After 1948, Kindleberger was appointed Professor of International Economics at MIT. He retired from a full-time position in 1976 and continued as a senior lecturer until full retirement from teaching in 1981.

He partook in working groups of the Council on Foreign Relations. He later held the position of Ford International Professor of Economics at the Massachusetts Institute of Technology.

Honors

 1944 Bronze Star
 1945 Legion of Merit
 1954 elected member of the American Academy of Arts and Sciences
 1966 Dr. h.c., University of Paris
 1977 Dr. h.c., University of Ghent
 1978 Harms Prize, Institut für Weltwirtschaft, Kiel
 1984 Dr. Sci. h.c., University of Pennsylvania
 1987 elected member of the American Philosophical Society
 1989 Bicentennial Medal, Georgetown University

Personal

Kindleberger was married to Sarah Miles Kindleberger for 59 years.  They had four children: Charles P. Kindleberger III, Richard S. Kindleberger (a reporter for the Boston Globe), Sarah Kindleberger, and E. Randall Kindleberger.

He died of a stroke on July 7, 2003, in Cambridge, Massachusetts.

Work
Kindleberger wrote 30 books:  International Short-Term Capital Movements in 1937, and the others beginning in 1950.

As an economic historian, Kindleberger used a narrative approach to knowledge, not based on mathematical models.  In the preface to The Great Depression 1929-1939, he wrote: "It's the story simply told, without tables of squares..."

His book Manias, Panics, and Crashes is still widely used in Master of Business Administration (MBA) programs in the United States.

Hegemonic stability theory

In his 1973 and 1986 book The World in Depression 1929–1939, Kindleberger advances an idiosyncratic, internationalist view of the causes and nature of the Great Depression, which concludes that a world hegemon is necessary for a generally stable world economy.
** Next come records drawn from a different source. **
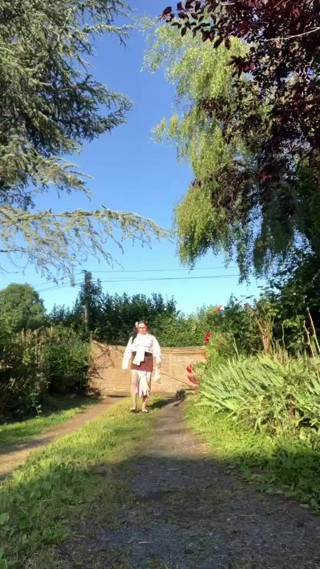 In an outfit with a little brown skirt for an evening. thumbnail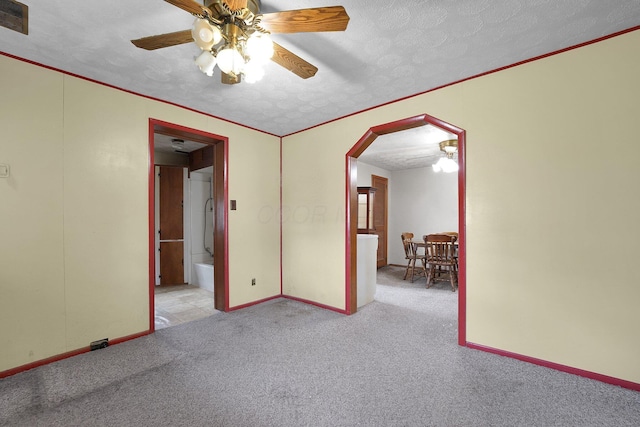 412 E Mill St, Circleville, OH 43113 - carpeted empty room featuring arched walkways, a ceiling fan, and a textured ceiling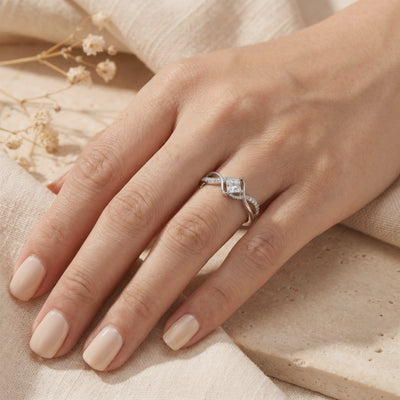 The silver princess-cut moissanite ring with a twisted band worn on a hand against a neutral background.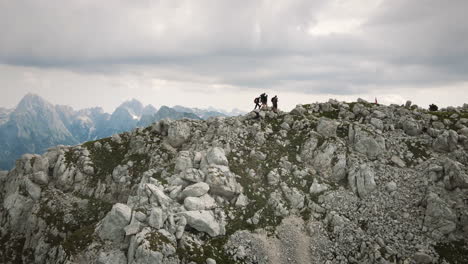 Drone-shot-of-mountain-Rombon,-a-group-of-hikers-walking-on-the-ridge-of-it-towards-the-top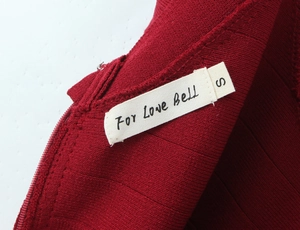 Macro shot of dark red ribbed knit fabric detail with hidden zipper and brand tag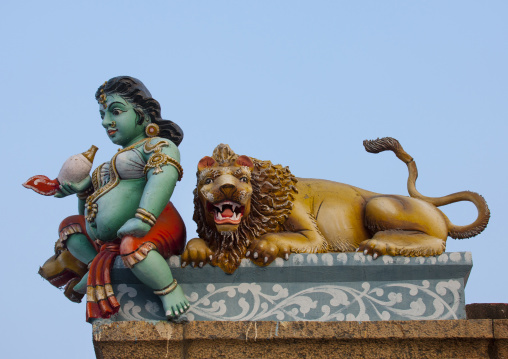 Colorful Statues Of A Hindu Goddess And A Roaring Lion At Kapaleeswarar Temple, Mylapore, Chennai, India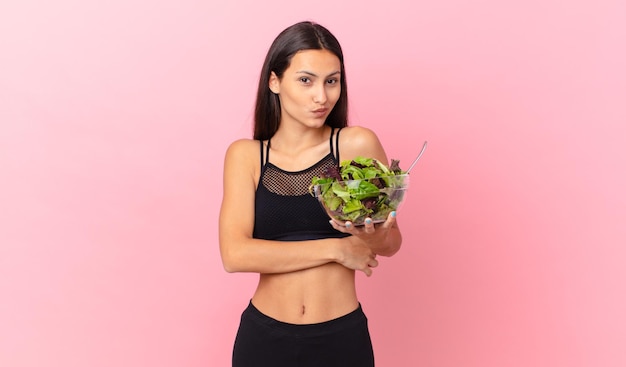 Mulher de fitness hispânica encolhendo os ombros sentindo-se confusa e incerta e segurando uma salada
Blaming the peculiar length and depth of the Depression on the hesitancy of the US in taking over leadership of the world economy when Britain was no longer up to the role after World War I, he concludes that "for the world economy to be stabilized, there has to be a stabilizerone stabilizer", by which, in the context of the interwar years at least, he means the United States. In the last chapter, "An Explanation of the 1929 Depression", Kindleberger lists the five responsibilities the US would have had to assume in order to stabilize the world economy:

 maintaining a relatively open market for distress goods;
 providing countercyclical, or at least stable, long-term, lending;
 policing the relative stability of exchange rates;
 ensuring the coordination of nations' macroeconomic policies;
 acting as a lender of last resort by discounting, or otherwise providing liquidity, in a financial crisis.

Kindleberger was highly skeptical of Milton Friedman and Anna Schwartz's monetarist view of the causes of the Depression, seeing it as too narrow and perhaps dogmatic, and dismisses out of hand what he characterized as Paul Samuelson's "accidental" or "fortuitous" interpretation. The World in Depression was praised by John Kenneth Galbraith as "the best book on the subject".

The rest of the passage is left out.